The agreement was plainly a bilateral contract providing for certain payments by the plaintiff and conveyances by the defendant. “It contained mutual and *157 dependent covenants demanding of each of the parties readiness and willingness to perform, and required as a condition of judicial enforcement or redress for breach at the complaint of either such readiness and willingness on the part of the complaining party or a showing of sufficient excuse for their absence. Lunde v. Minch, 105 Conn. 657, 659, 136 Atl. 552; Stierle v. Rayner, 92 Conn. 180, 183, 102 Atl. 581.” Dadio v. Dadio, 123 Conn. 88, 91, 192 A. 557. The plaintiff recognizes the applicability of this principle but claims that the circumstances show “sufficient excuse” for its failure to tender the balance of the purchase price. In this connection it counts upon the only error now claimed as to the facts found: that the court was unwarranted in finding that “the defendant was at all times ready and willing to execute and deliver a bill of sale for the furniture owned by it in the . . . three apartments.” In a word, its argument is that there is no evidence that any bill of sale of the furniture called for by the agreement was prepared, consequently the finding quoted cannot be supported, and therefore the plaintiff was excused from tendering the balance of the purchase price and so is entitled to relief in this action.

The theory of the plaintiff’s contention is that the defendant’s failure to have a bill of sale prepared constituted a prevention of performance by the plaintiff within the principle stated in Godburn v. Meserve, 130 Conn. 723, 726, 37 A. 2d 235. It fails to take into account, however, that, as we stated in that opinion, “ ‘In order to amount to a prevention of performance by the adversary party, the conduct on the part of the party who is alleged to have prevented performance must be wrongful, and, accordingly, in excess of his legal rights.’ 5 Page, Contracts, § 2919, p. 5145 . . . .” It is clear upon the facts found that the defendant’s *158 conduct in failing to tender either an executed bill of sale or deed was not “wrongful.” Because of the defendant’s refusal to include in the bill of sale furniture which was not called for by the agreement, the plaintiff finally stated that it did not want the property and left. Under the circumstances it would have been futile for the defendant to make the tender referred to. The law does not require an act which would be a mere futility. Grant v. Pagter, 133 Conn. 646, 649, 53 A. 2d 380; Tracy v.
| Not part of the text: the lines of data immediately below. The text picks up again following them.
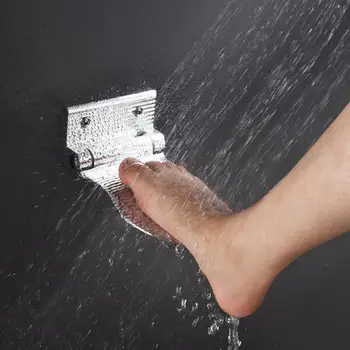 

Rest-Non-Slip Shower Shaving Foot Support Grip Bathroom Anti-slip Mat Shower Footrest Step Aluminium Alloy Shower Footstool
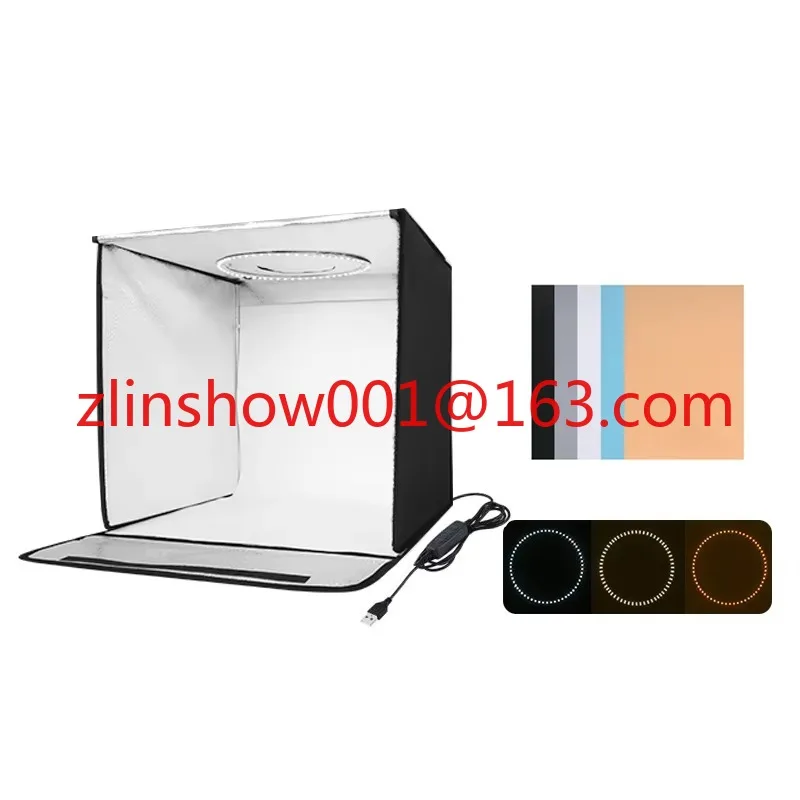 16 Inch Photography Shooting Tent Photo Box LED Light Boxes Softbox with PVC Backgrounds 40cm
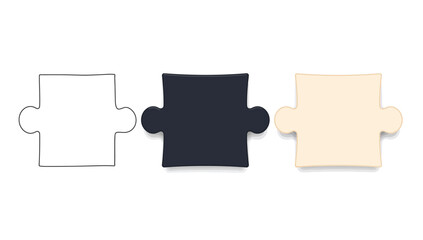 Vector art of three puzzle pieces, one outline, one silhouette, and one filled in color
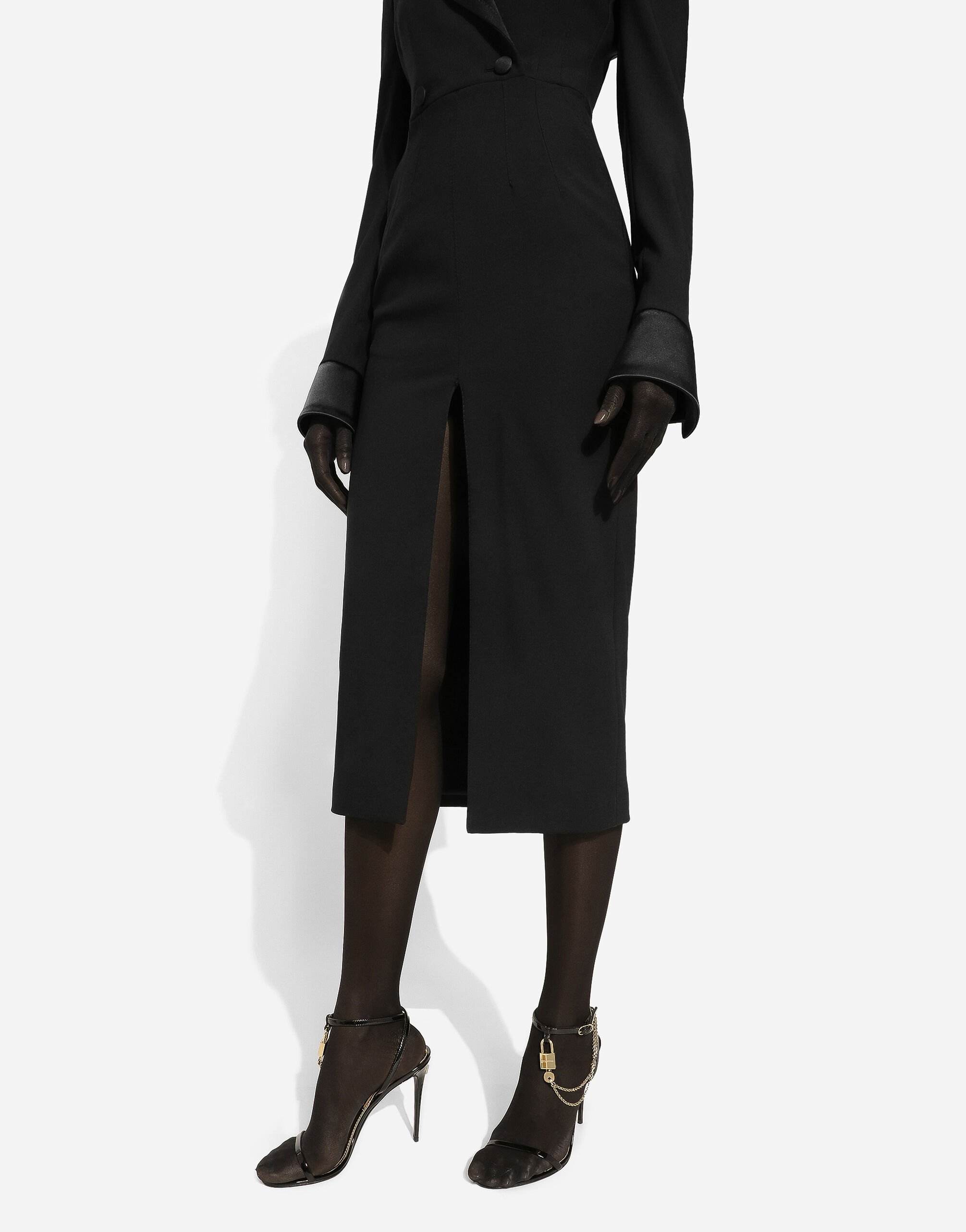 Calf length black coat best sale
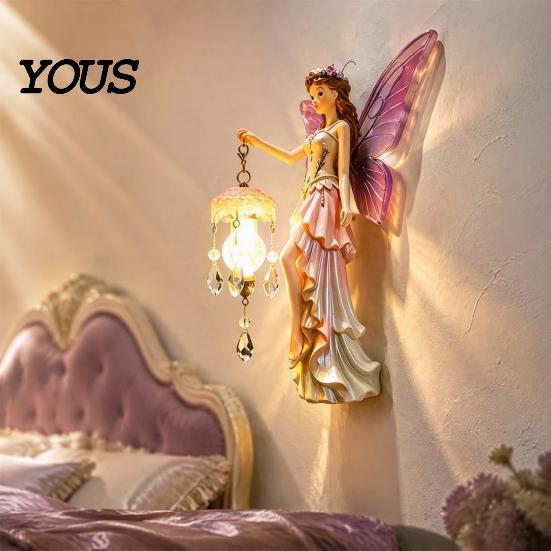 Artistic Wall Lamp for Living Room Fairy Night Light, Resin Elf Sculpture Lantern Bedroom, 3D Flower Hanging Art Decor with Faux Crystal Pendant,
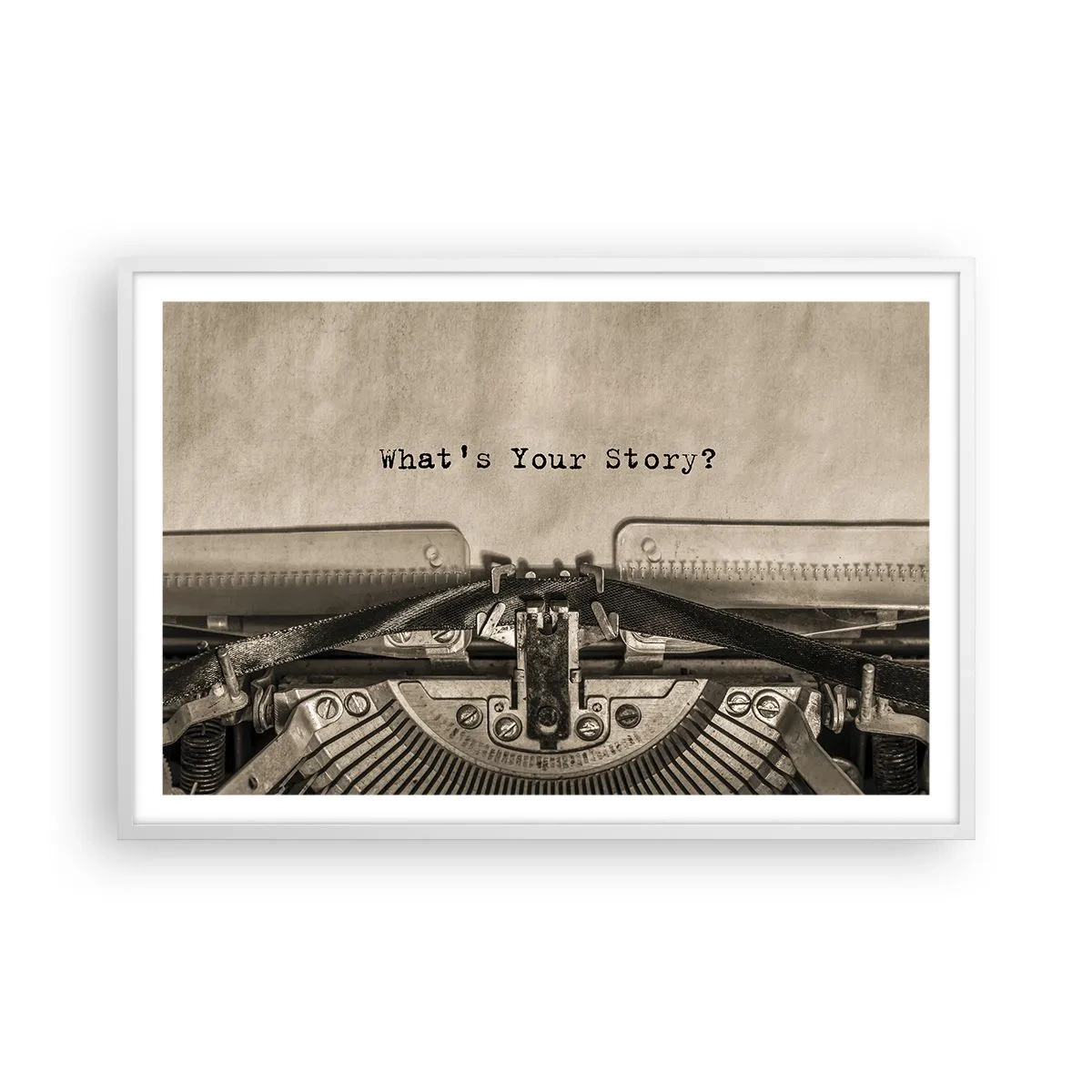 Poster in einem weißen Rahmen - Erzähl es mir - 91x61 cm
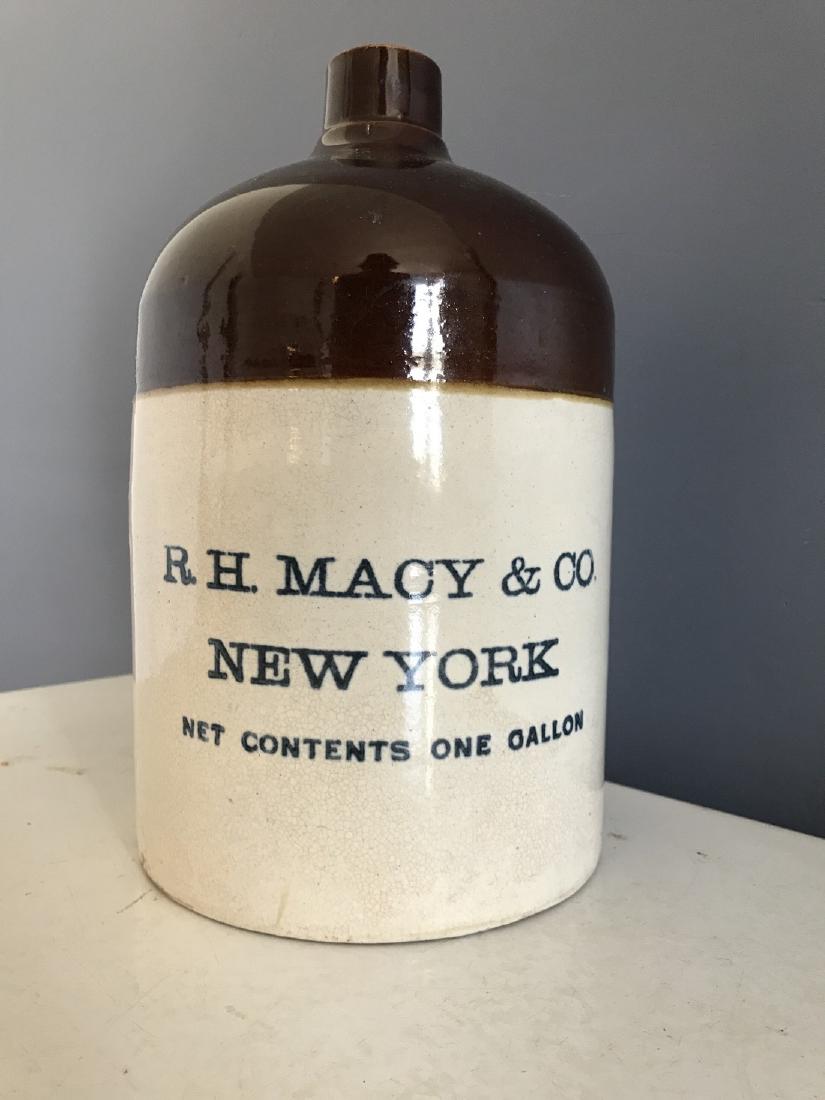 Rare Stoneware R.H. Macy & Co., NY Store Liquor Jug (1 of 3)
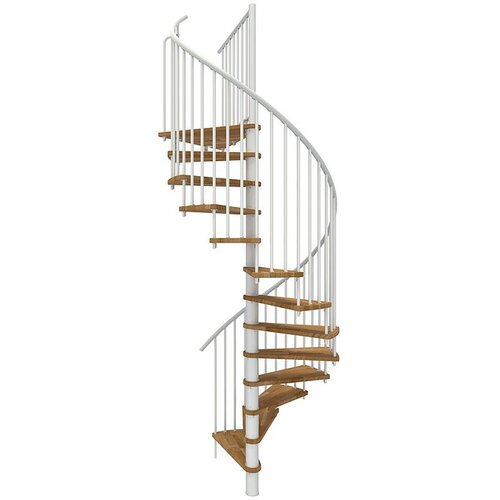 Minka Spiralno stopni&scaron;če Spiral Smart (Premer: 160 cm, Bela, Barva stopnice: Hrast, Vi&scaron;ina nadstropja: 305 cm) Cene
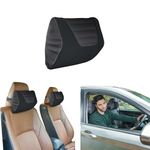 The White Willow Car Neck Rest Pillows Memory Foam Car Neck Pillow with Adjustable Strap Neck Support for Car Seat Neck Cushion for Neck Pain Relief Car Headrest Pillow Mignight TriCurve Pack of 2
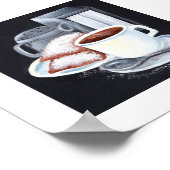 Café du Monde auf Black Poster (Ecke)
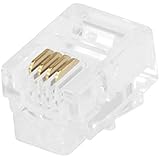 Monoprice RJ11 6P4C Plug Flat Stranded, 50-Piece/Bag (107268)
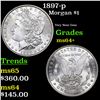Image 1 : 1897-p Morgan Dollar $1 Grades Choice+ Unc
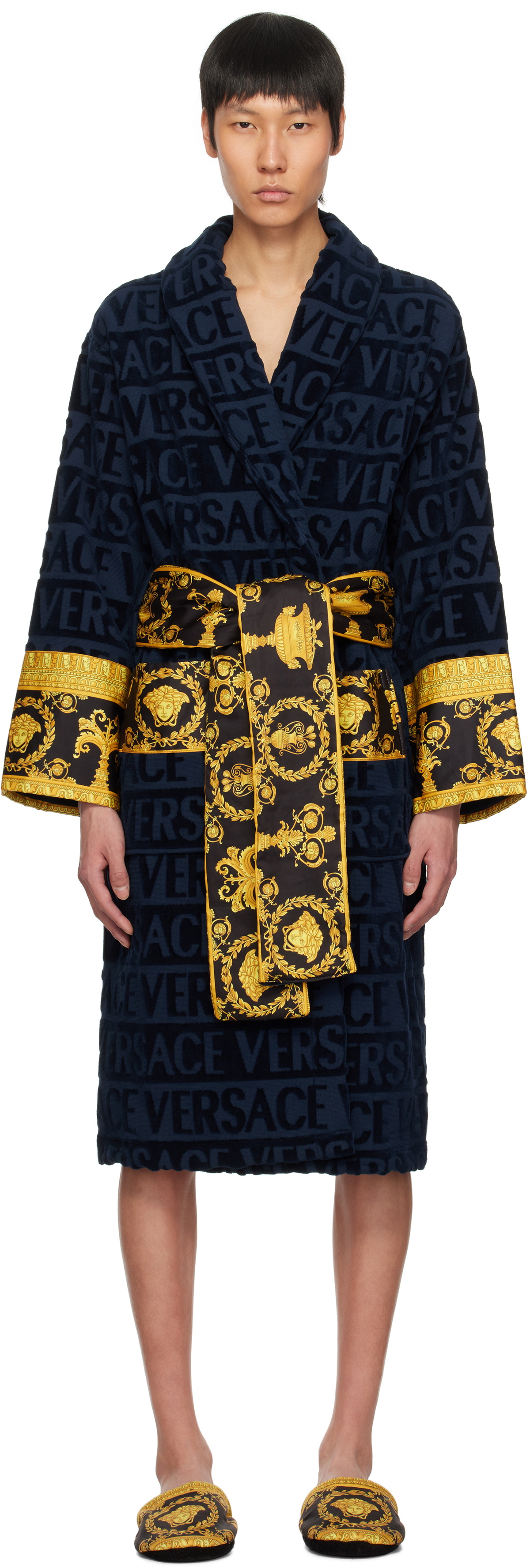 Versace Underwear Navy 'I Heart Baroque' Bathrobe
O’Neill, 103 Conn. 693, 699, 131 A. 417; Romanoff v. DeSanto, 101 Conn. 504, 511, 126 A. 694. The defendant was under no duty to tender a deed and bill of sale to the plaintiff, and the court’s finding that the defendant was ready and willing to convey cannot be disturbed.

The plaintiff makes the further claim that time was not of the essence under this contract and that therefore the delivery of the certified check to Silver on June 4 constituted a tender of performance entitling it to relief. It is a sufficient answer that no such claim was made in the trial court. Practice Book §§ 157, 363; Conn. App. Proc. § 44; Boardman v.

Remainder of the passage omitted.